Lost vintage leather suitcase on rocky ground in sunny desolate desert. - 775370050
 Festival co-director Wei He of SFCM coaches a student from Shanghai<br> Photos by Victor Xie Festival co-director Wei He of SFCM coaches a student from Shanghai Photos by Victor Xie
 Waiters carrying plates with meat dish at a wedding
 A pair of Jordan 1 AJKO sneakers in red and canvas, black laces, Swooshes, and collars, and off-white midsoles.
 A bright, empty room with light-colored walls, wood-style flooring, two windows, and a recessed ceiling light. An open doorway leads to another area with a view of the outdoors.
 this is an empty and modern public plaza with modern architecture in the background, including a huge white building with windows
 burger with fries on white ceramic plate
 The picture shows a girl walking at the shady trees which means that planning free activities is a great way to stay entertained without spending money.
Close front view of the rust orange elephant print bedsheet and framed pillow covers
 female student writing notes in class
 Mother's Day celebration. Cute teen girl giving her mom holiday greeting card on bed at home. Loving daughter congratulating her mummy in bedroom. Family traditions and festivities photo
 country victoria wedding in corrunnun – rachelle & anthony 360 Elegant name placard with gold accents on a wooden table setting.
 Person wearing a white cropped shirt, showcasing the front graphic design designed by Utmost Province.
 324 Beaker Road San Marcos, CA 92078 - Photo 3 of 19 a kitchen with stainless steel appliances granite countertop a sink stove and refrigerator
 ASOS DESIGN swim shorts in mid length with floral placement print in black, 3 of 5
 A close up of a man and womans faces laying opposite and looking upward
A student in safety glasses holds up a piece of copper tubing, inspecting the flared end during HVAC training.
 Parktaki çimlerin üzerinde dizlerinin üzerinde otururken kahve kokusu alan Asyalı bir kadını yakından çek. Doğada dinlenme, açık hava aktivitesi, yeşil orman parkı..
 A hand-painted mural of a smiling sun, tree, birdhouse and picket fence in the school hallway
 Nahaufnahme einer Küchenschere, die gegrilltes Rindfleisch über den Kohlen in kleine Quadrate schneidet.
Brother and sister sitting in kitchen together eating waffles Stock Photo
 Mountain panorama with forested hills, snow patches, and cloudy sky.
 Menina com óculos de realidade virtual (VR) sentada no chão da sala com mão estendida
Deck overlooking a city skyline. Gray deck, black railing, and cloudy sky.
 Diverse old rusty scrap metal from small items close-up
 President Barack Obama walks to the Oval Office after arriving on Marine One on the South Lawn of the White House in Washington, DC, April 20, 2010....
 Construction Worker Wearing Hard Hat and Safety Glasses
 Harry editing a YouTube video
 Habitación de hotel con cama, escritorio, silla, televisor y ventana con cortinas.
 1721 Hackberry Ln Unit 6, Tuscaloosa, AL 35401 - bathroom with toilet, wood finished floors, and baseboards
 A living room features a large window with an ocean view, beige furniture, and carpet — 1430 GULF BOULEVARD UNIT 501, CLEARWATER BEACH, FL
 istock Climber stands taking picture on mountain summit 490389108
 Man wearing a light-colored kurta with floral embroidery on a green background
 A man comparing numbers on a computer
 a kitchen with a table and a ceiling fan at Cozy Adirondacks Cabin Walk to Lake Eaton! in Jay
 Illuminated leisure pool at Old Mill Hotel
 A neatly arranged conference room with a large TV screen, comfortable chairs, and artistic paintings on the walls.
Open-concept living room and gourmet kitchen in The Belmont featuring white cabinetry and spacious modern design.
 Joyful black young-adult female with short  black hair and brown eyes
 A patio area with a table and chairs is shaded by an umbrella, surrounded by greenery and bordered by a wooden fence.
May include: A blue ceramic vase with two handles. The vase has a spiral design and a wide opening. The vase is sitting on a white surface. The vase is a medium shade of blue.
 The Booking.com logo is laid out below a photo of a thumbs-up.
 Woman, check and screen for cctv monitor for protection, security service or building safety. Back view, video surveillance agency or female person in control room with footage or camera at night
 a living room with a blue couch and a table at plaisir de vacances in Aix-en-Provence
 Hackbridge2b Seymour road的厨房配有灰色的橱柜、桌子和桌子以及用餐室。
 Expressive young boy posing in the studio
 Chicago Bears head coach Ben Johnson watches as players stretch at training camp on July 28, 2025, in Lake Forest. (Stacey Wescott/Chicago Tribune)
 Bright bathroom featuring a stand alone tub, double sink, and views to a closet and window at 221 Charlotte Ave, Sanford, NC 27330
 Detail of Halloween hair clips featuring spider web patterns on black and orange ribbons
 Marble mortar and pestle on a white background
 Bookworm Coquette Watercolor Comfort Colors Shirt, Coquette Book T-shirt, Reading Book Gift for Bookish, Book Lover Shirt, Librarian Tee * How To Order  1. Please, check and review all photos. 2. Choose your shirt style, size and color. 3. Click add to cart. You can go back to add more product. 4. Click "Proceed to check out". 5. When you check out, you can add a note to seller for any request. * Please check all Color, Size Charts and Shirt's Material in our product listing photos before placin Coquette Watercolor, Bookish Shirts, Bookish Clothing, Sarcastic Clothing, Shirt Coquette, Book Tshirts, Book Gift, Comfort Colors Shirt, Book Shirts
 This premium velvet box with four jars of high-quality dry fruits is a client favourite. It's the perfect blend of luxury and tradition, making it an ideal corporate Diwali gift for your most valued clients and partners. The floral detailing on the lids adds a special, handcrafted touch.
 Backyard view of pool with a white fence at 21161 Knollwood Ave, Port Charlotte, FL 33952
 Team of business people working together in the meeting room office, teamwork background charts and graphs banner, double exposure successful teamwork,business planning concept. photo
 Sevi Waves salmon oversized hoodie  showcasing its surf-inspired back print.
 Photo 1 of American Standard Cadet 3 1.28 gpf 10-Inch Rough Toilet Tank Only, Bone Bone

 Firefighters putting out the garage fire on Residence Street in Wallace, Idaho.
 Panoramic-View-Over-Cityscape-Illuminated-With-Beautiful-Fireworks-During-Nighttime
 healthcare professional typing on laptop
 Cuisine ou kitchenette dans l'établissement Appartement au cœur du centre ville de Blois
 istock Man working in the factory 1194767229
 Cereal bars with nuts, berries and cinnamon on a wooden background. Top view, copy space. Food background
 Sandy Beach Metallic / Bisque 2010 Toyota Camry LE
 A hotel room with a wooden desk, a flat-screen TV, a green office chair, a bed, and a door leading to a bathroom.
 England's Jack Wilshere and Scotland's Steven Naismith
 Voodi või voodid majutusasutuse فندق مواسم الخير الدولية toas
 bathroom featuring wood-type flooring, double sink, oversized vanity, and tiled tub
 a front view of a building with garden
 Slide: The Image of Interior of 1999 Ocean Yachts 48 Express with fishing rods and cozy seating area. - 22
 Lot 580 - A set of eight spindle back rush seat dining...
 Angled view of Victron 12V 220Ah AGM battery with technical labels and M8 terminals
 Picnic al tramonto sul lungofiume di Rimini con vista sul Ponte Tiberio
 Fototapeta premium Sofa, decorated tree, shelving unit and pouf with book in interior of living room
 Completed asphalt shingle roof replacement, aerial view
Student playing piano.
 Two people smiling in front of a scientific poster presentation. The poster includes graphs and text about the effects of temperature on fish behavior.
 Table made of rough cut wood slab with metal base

::::

▶ **What the exercise asks**
Every record, restated word for word, should make up your reply.

▶ **Result of this task**
Lost vintage leather suitcase on rocky ground in sunny desolate desert. - 775370050
 Festival co-director Wei He of SFCM coaches a student from Shanghai<br> Photos by Victor Xie Festival co-director Wei He of SFCM coaches a student from Shanghai Photos by Victor Xie
 Waiters carrying plates with meat dish at a wedding
 A pair of Jordan 1 AJKO sneakers in red and canvas, black laces, Swooshes, and collars, and off-white midsoles.
 A bright, empty room with light-colored walls, wood-style flooring, two windows, and a recessed ceiling light. An open doorway leads to another area with a view of the outdoors.
 this is an empty and modern public plaza with modern architecture in the background, including a huge white building with windows
 burger with fries on white ceramic plate
 The picture shows a girl walking at the shady trees which means that planning free activities is a great way to stay entertained without spending money.
Close front view of the rust orange elephant print bedsheet and framed pillow covers
 female student writing notes in class
 Mother's Day celebration. Cute teen girl giving her mom holiday greeting card on bed at home. Loving daughter congratulating her mummy in bedroom. Family traditions and festivities photo
 country victoria wedding in corrunnun – rachelle & anthony 360 Elegant name placard with gold accents on a wooden table setting.
 Person wearing a white cropped shirt, showcasing the front graphic design designed by Utmost Province.
 324 Beaker Road San Marcos, CA 92078 - Photo 3 of 19 a kitchen with stainless steel appliances granite countertop a sink stove and refrigerator
 ASOS DESIGN swim shorts in mid length with floral placement print in black, 3 of 5
 A close up of a man and womans faces laying opposite and looking upward
A student in safety glasses holds up a piece of copper tubing, inspecting the flared end during HVAC training.
 Parktaki çimlerin üzerinde dizlerinin üzerinde otururken kahve kokusu alan Asyalı bir kadını yakından çek. Doğada dinlenme, açık hava aktivitesi, yeşil orman parkı..
 A hand-painted mural of a smiling sun, tree, birdhouse and picket fence in the school hallway
 Nahaufnahme einer Küchenschere, die gegrilltes Rindfleisch über den Kohlen in kleine Quadrate schneidet.
Brother and sister sitting in kitchen together eating waffles Stock Photo
 Mountain panorama with forested hills, snow patches, and cloudy sky.
 Menina com óculos de realidade virtual (VR) sentada no chão da sala com mão estendida
Deck overlooking a city skyline. Gray deck, black railing, and cloudy sky.
 Diverse old rusty scrap metal from small items close-up
 President Barack Obama walks to the Oval Office after arriving on Marine One on the South Lawn of the White House in Washington, DC, April 20, 2010....
 Construction Worker Wearing Hard Hat and Safety Glasses
 Harry editing a YouTube video
 Habitación de hotel con cama, escritorio, silla, televisor y ventana con cortinas.
 1721 Hackberry Ln Unit 6, Tuscaloosa, AL 35401 - bathroom with toilet, wood finished floors, and baseboards
 A living room features a large window with an ocean view, beige furniture, and carpet — 1430 GULF BOULEVARD UNIT 501, CLEARWATER BEACH, FL
 istock Climber stands taking picture on mountain summit 490389108
 Man wearing a light-colored kurta with floral embroidery on a green background
 A man comparing numbers on a computer
 a kitchen with a table and a ceiling fan at Cozy Adirondacks Cabin Walk to Lake Eaton! in Jay
 Illuminated leisure pool at Old Mill Hotel
 A neatly arranged conference room with a large TV screen, comfortable chairs, and artistic paintings on the walls.
Open-concept living room and gourmet kitchen in The Belmont featuring white cabinetry and spacious modern design.
 Joyful black young-adult female with short  black hair and brown eyes
 A patio area with a table and chairs is shaded by an umbrella, surrounded by greenery and bordered by a wooden fence.
May include: A blue ceramic vase with two handles. The vase has a spiral design and a wide opening. The vase is sitting on a white surface. The vase is a medium shade of blue.
 The Booking.com logo is laid out below a photo of a thumbs-up.
 Woman, check and screen for cctv monitor for protection, security service or building safety. Back view, video surveillance agency or female person in control room with footage or camera at night
 a living room with a blue couch and a table at plaisir de vacances in Aix-en-Provence
 Hackbridge2b Seymour road的厨房配有灰色的橱柜、桌子和桌子以及用餐室。
 Expressive young boy posing in the studio
 Chicago Bears head coach Ben Johnson watches as players stretch at training camp on July 28, 2025, in Lake Forest. (Stacey Wescott/Chicago Tribune)
 Bright bathroom featuring a stand alone tub, double sink, and views to a closet and window at 221 Charlotte Ave, Sanford, NC 27330
 Detail of Halloween hair clips featuring spider web patterns on black and orange ribbons
 Marble mortar and pestle on a white background
 Bookworm Coquette Watercolor Comfort Colors Shirt, Coquette Book T-shirt, Reading Book Gift for Bookish, Book Lover Shirt, Librarian Tee * How To Order  1. Please, check and review all photos. 2. Choose your shirt style, size and color. 3. Click add to cart. You can go back to add more product. 4. Click "Proceed to check out". 5. When you check out, you can add a note to seller for any request. * Please check all Color, Size Charts and Shirt's Material in our product listing photos before placin Coquette Watercolor, Bookish Shirts, Bookish Clothing, Sarcastic Clothing, Shirt Coquette, Book Tshirts, Book Gift, Comfort Colors Shirt, Book Shirts
 This premium velvet box with four jars of high-quality dry fruits is a client favourite. It's the perfect blend of luxury and tradition, making it an ideal corporate Diwali gift for your most valued clients and partners. The floral detailing on the lids adds a special, handcrafted touch.
 Backyard view of pool with a white fence at 21161 Knollwood Ave, Port Charlotte, FL 33952
 Team of business people working together in the meeting room office, teamwork background charts and graphs banner, double exposure successful teamwork,business planning concept. photo
 Sevi Waves salmon oversized hoodie  showcasing its surf-inspired back print.
 Photo 1 of American Standard Cadet 3 1.28 gpf 10-Inch Rough Toilet Tank Only, Bone Bone

 Firefighters putting out the garage fire on Residence Street in Wallace, Idaho.
 Panoramic-View-Over-Cityscape-Illuminated-With-Beautiful-Fireworks-During-Nighttime
 healthcare professional typing on laptop
 Cuisine ou kitchenette dans l'établissement Appartement au cœur du centre ville de Blois
 istock Man working in the factory 1194767229
 Cereal bars with nuts, berries and cinnamon on a wooden background. Top view, copy space. Food background
 Sandy Beach Metallic / Bisque 2010 Toyota Camry LE
 A hotel room with a wooden desk, a flat-screen TV, a green office chair, a bed, and a door leading to a bathroom.
 England's Jack Wilshere and Scotland's Steven Naismith
 Voodi või voodid majutusasutuse فندق مواسم الخير الدولية toas
 bathroom featuring wood-type flooring, double sink, oversized vanity, and tiled tub
 a front view of a building with garden
 Slide: The Image of Interior of 1999 Ocean Yachts 48 Express with fishing rods and cozy seating area. - 22
 Lot 580 - A set of eight spindle back rush seat dining...
 Angled view of Victron 12V 220Ah AGM battery with technical labels and M8 terminals
 Picnic al tramonto sul lungofiume di Rimini con vista sul Ponte Tiberio
 Fototapeta premium Sofa, decorated tree, shelving unit and pouf with book in interior of living room
 Completed asphalt shingle roof replacement, aerial view
Student playing piano.
 Two people smiling in front of a scientific poster presentation. The poster includes graphs and text about the effects of temperature on fish behavior.
 Table made of rough cut wood slab with metal base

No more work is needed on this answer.